■ **Records for the exercise**:
—————
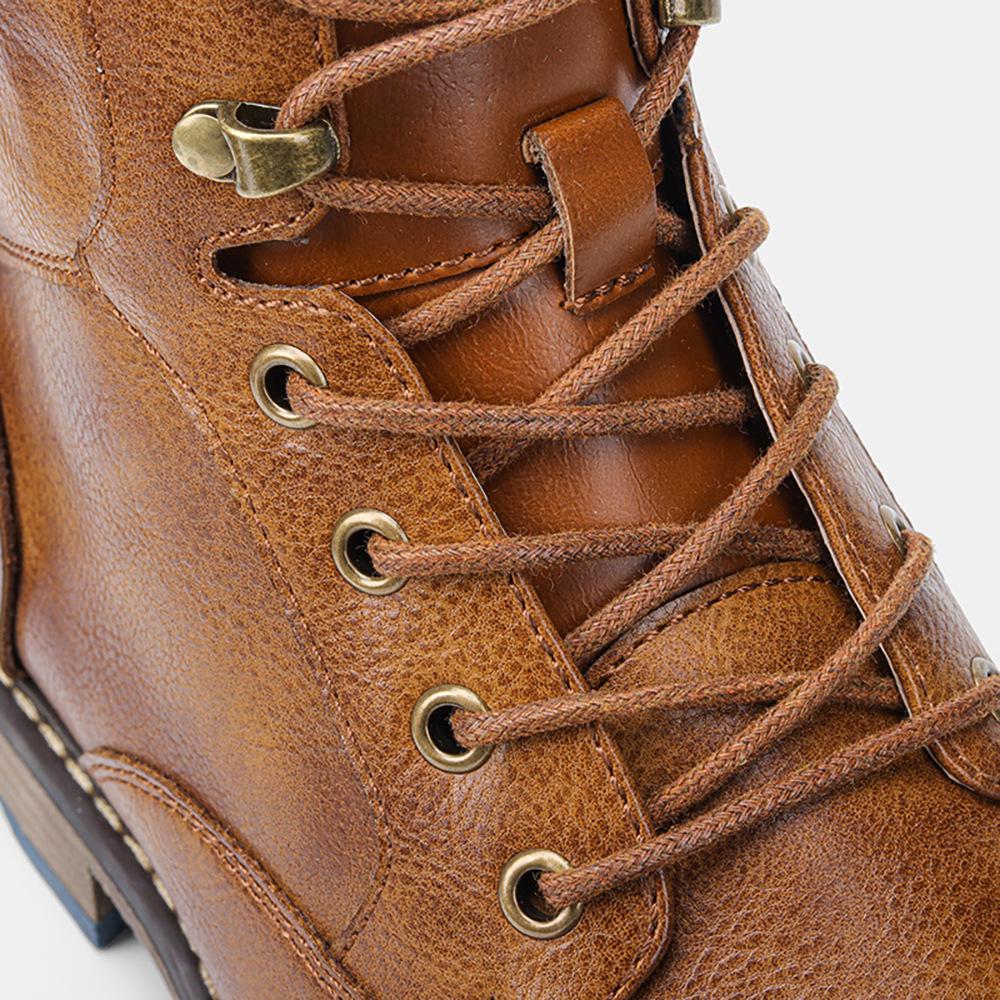 Plus Size Men's High-Top Leather Workwear Ankle Boots - US Size Fashion Martin Boots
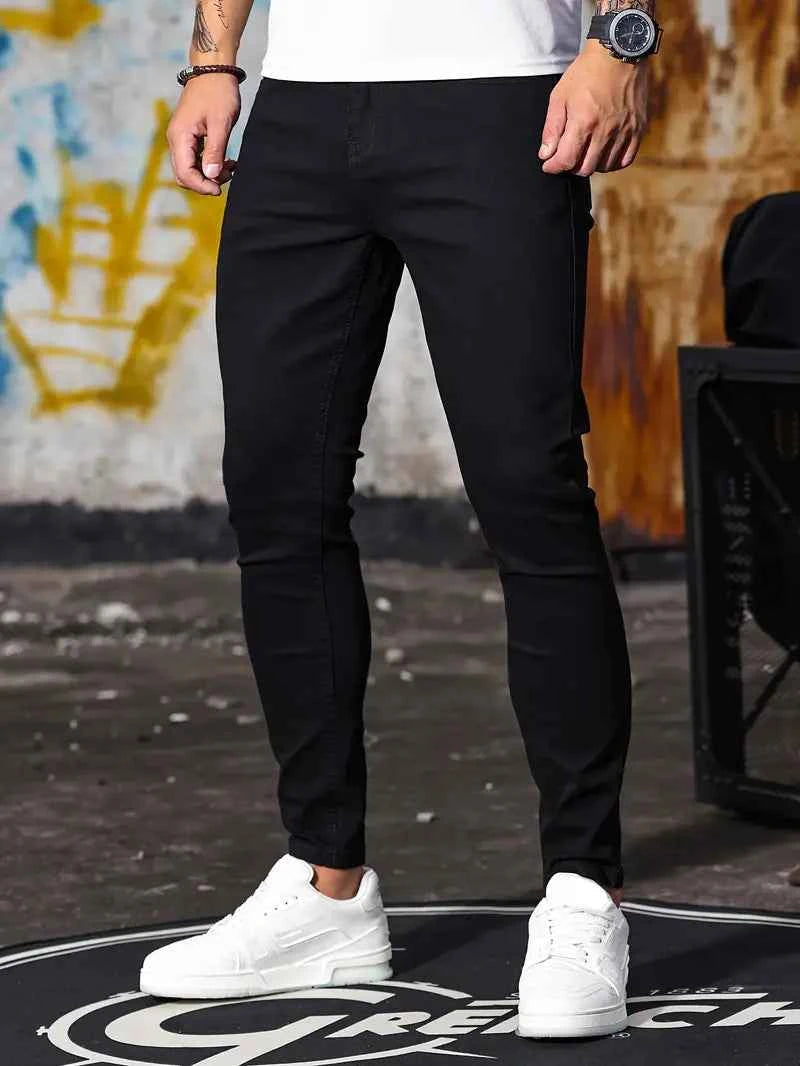 Men's Stretch Denim Skinny Jeans – Stylish & Comfortable Casual Wear Zwart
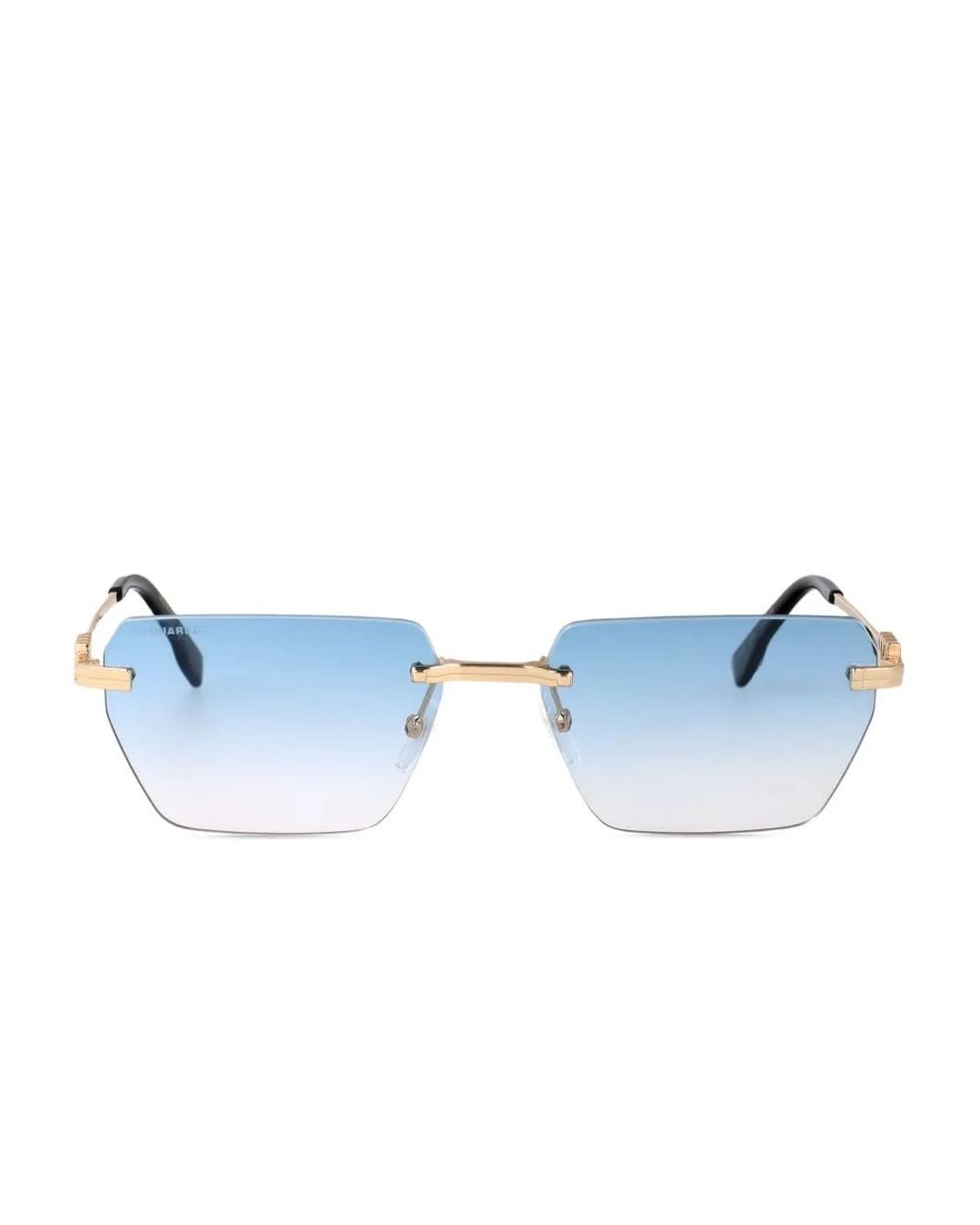 DSquared² Blue Logo Rimless Sunglasses for men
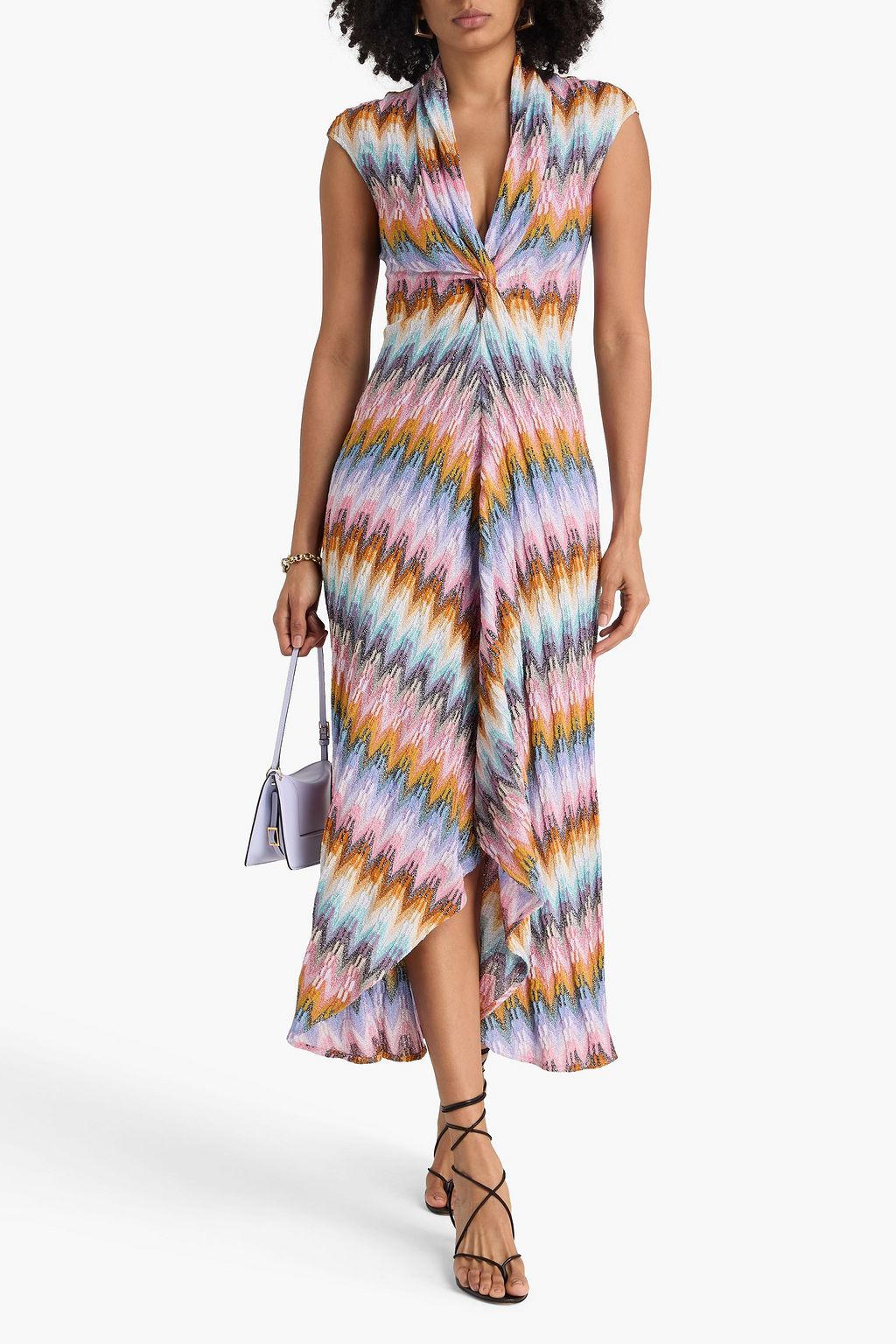 MISSONI فستان طويل بقصّة ملفوفة من نسيج بحبكة كروشيه بلون معدني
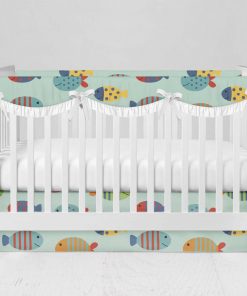 Bumperless Crib Set with Modern Skirt and Scalloped Rail Covers - Fish Friends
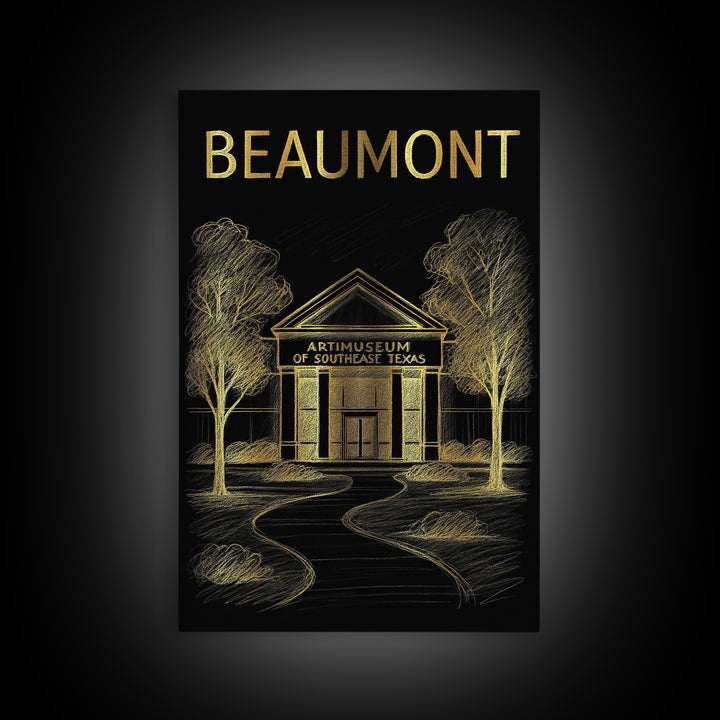 Beaumont Texas Travel Poster, Canvas Print, Gold Sketch Wall Art, Beaumont City Art, Wall Art, Travel Art Print, Wanderlust Decor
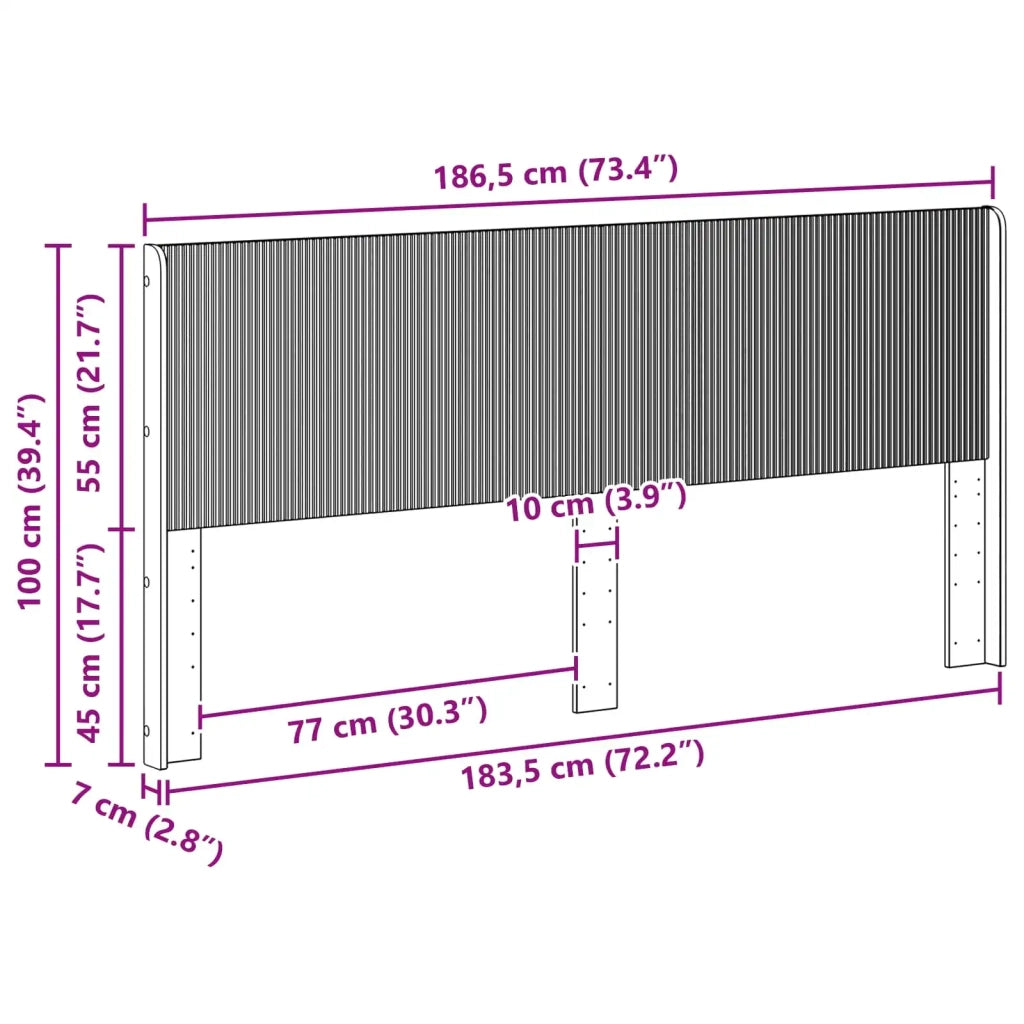 Testiera Letto Grigio Cemento Legno ingegnerizzato 889558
—————
■ **Assignment**: Your copy should hold exactly the lines from the line bearing "MISSONI فستان طويل" through the end of the data, both included, and no pictures or anything further.

■ **Task output**:
 MISSONI فستان طويل بقصّة ملفوفة من نسيج بحبكة كروشيه بلون معدني
 Bumperless Crib Set with Modern Skirt and Scalloped Rail Covers - Fish Friends
 Beaumont Texas Travel Poster, Canvas Print, Gold Sketch Wall Art, Beaumont City Art, Wall Art, Travel Art Print, Wanderlust Decor
 Testiera Letto Grigio Cemento Legno ingegnerizzato 889558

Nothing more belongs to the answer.